残念なことにパテントをめぐる抗争はソフトウェア業界で日常化しており、そのため、GoogleやRed Hat、Sony、IBMなどが支援する団体Open Invention Networkは、オープンソース製品の開発をパテントに関する懸念から解放しようと努力している。

Googleは今回の”Open Patent Non-Assertion Pledge” (特許公開非主張誓約, OPN誓約)が、業界の今後のモデルになると考えている。同社のパートナーや競合企業が同様の誓約をすることによって、この過程(特許公開非主張の過程)関し長年待望されていた透明性と、幅の広さとセキュリティが導入される、と同社は期待している:

  • 透明性: 特許保有者は誓約の対象となる特許と関連技術を正確に同定し、デベロッパと一般社会に対し特許権をめぐる透明性を提供する。
  • 幅広さ: OPN誓約による保護の対象は特定のプロジェクトやオープンソースの著作権ライセンスに限定されない(Googleはその種のライセンスの下に大量のコードを寄与貢献している。それらはApacheGNU GPLなどのライセンスであるが、特許からの保護に関してそれらは非力である)。それとは対照的にOPN誓約は、過去現在未来を問わず、誓約下のパテントに依存しているかもしれないいかなるオープンソースソフトウェアに対しても適用される。

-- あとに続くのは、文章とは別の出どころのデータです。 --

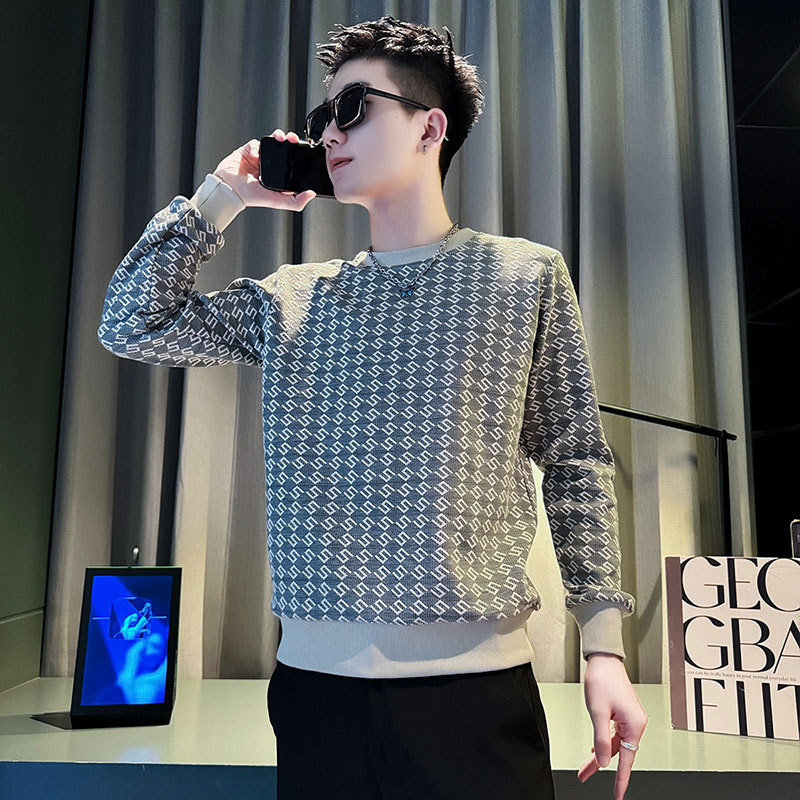 Autumn new style social boy sweatshirt round neck shopkeeper style casual top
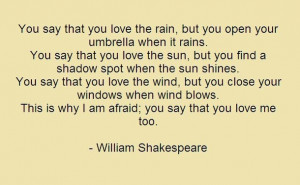 love, quote, rain, sun, william shakespeare, wind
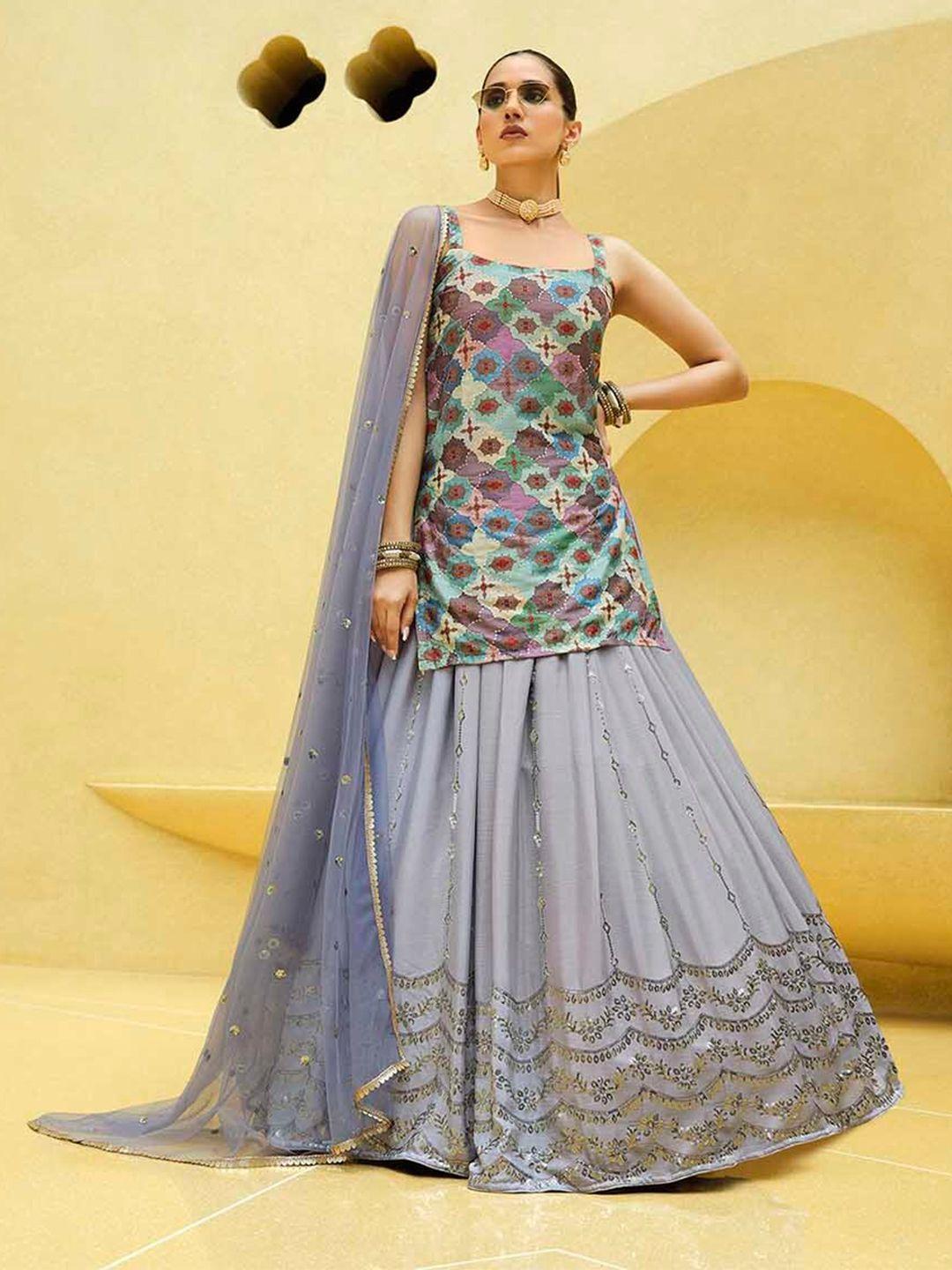 shubhkala ethnic motifs embroidered ready to wear lehenga & blouse with dupatta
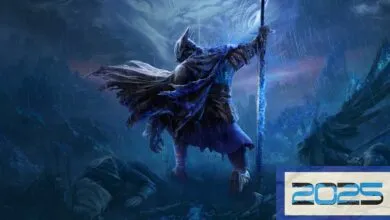 Dark knight stands in rain with glowing sword, fallen figure nearby.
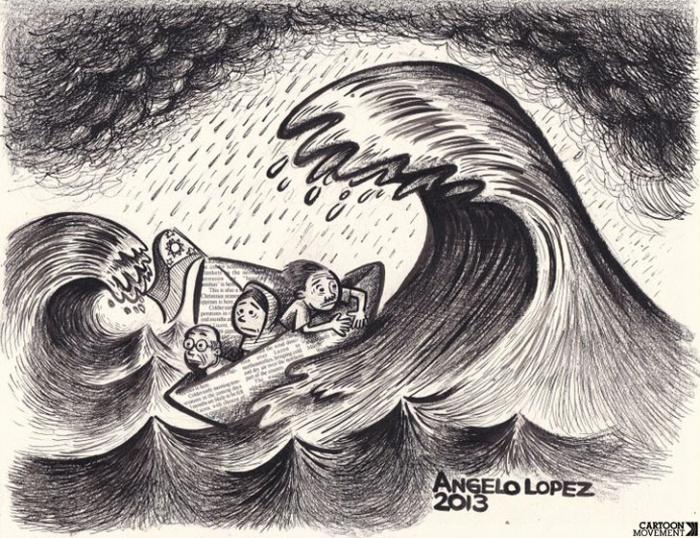 700x538 Super Typhoon In The Philippines Cartoon Movement - Typhoon Sketch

  • 守勢の保護: Googleの製品やサービスに対して特許訴訟が起こされ、それらの特許がOPN誓約の対象であったときには、そのときにかぎり、攻勢の保護を行うために、非主張誓約は破棄される(==特許権を主張して公然と戦う)。
  • 永続性: 誓約は対象特許の寿命期間中有効であり、権利が他に移行された場合にも、有効である。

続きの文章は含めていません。